As soon as the line containing "REESE'S Peanut Butter" appears, copy it and every following line word for word until the records end.
════
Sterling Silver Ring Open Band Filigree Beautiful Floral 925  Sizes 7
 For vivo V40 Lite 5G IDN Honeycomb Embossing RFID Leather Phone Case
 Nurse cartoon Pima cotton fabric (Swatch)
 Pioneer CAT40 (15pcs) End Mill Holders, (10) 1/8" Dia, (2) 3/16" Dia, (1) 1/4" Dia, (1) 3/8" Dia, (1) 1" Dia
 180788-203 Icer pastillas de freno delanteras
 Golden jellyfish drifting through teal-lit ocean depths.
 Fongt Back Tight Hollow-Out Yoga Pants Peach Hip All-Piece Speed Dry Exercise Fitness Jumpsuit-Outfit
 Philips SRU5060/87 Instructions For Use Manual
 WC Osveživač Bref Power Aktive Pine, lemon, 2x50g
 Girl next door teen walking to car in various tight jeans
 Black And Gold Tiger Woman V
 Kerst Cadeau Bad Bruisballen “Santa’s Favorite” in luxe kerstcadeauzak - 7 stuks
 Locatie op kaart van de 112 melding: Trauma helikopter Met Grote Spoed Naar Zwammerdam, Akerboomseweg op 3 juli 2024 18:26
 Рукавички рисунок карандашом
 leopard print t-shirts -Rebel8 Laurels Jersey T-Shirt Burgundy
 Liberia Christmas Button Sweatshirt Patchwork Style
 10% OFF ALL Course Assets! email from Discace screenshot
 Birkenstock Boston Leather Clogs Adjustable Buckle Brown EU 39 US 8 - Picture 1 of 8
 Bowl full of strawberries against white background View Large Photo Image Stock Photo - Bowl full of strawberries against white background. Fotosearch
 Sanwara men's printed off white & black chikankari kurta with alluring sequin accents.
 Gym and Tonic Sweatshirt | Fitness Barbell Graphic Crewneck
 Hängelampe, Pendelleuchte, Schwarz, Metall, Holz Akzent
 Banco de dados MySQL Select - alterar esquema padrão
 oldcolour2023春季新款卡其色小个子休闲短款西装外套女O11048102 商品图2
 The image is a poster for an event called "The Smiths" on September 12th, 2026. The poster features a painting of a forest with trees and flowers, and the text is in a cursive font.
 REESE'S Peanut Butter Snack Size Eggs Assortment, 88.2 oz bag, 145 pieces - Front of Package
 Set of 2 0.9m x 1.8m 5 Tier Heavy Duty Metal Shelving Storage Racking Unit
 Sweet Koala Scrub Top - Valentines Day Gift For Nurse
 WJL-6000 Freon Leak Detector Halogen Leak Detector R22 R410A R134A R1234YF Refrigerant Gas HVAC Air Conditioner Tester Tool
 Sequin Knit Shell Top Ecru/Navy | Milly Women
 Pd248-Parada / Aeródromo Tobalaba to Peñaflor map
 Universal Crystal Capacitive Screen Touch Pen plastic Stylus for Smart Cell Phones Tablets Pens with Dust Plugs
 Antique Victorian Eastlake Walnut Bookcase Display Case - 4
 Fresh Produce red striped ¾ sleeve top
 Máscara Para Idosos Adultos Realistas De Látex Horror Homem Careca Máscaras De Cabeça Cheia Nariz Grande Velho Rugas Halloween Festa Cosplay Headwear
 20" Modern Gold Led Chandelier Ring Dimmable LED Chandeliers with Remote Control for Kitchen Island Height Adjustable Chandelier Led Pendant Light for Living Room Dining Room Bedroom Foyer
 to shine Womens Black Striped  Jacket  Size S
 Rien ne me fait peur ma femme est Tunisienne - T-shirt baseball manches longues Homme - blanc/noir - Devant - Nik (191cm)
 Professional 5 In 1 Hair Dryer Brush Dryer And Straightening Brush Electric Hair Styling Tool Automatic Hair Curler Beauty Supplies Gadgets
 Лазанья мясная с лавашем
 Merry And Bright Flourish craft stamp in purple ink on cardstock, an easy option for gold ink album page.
════
OUTPUT FOR THIS EXERCISE
 REESE'S Peanut Butter Snack Size Eggs Assortment, 88.2 oz bag, 145 pieces - Front of Package
 Set of 2 0.9m x 1.8m 5 Tier Heavy Duty Metal Shelving Storage Racking Unit
 Sweet Koala Scrub Top - Valentines Day Gift For Nurse
 WJL-6000 Freon Leak Detector Halogen Leak Detector R22 R410A R134A R1234YF Refrigerant Gas HVAC Air Conditioner Tester Tool
 Sequin Knit Shell Top Ecru/Navy | Milly Women
 Pd248-Parada / Aeródromo Tobalaba to Peñaflor map
 Universal Crystal Capacitive Screen Touch Pen plastic Stylus for Smart Cell Phones Tablets Pens with Dust Plugs
 Antique Victorian Eastlake Walnut Bookcase Display Case - 4
 Fresh Produce red striped ¾ sleeve top
 Máscara Para Idosos Adultos Realistas De Látex Horror Homem Careca Máscaras De Cabeça Cheia Nariz Grande Velho Rugas Halloween Festa Cosplay Headwear
 20" Modern Gold Led Chandelier Ring Dimmable LED Chandeliers with Remote Control for Kitchen Island Height Adjustable Chandelier Led Pendant Light for Living Room Dining Room Bedroom Foyer
 to shine Womens Black Striped  Jacket  Size S
 Rien ne me fait peur ma femme est Tunisienne - T-shirt baseball manches longues Homme - blanc/noir - Devant - Nik (191cm)
 Professional 5 In 1 Hair Dryer Brush Dryer And Straightening Brush Electric Hair Styling Tool Automatic Hair Curler Beauty Supplies Gadgets
 Лазанья мясная с лавашем
 Merry And Bright Flourish craft stamp in purple ink on cardstock, an easy option for gold ink album page.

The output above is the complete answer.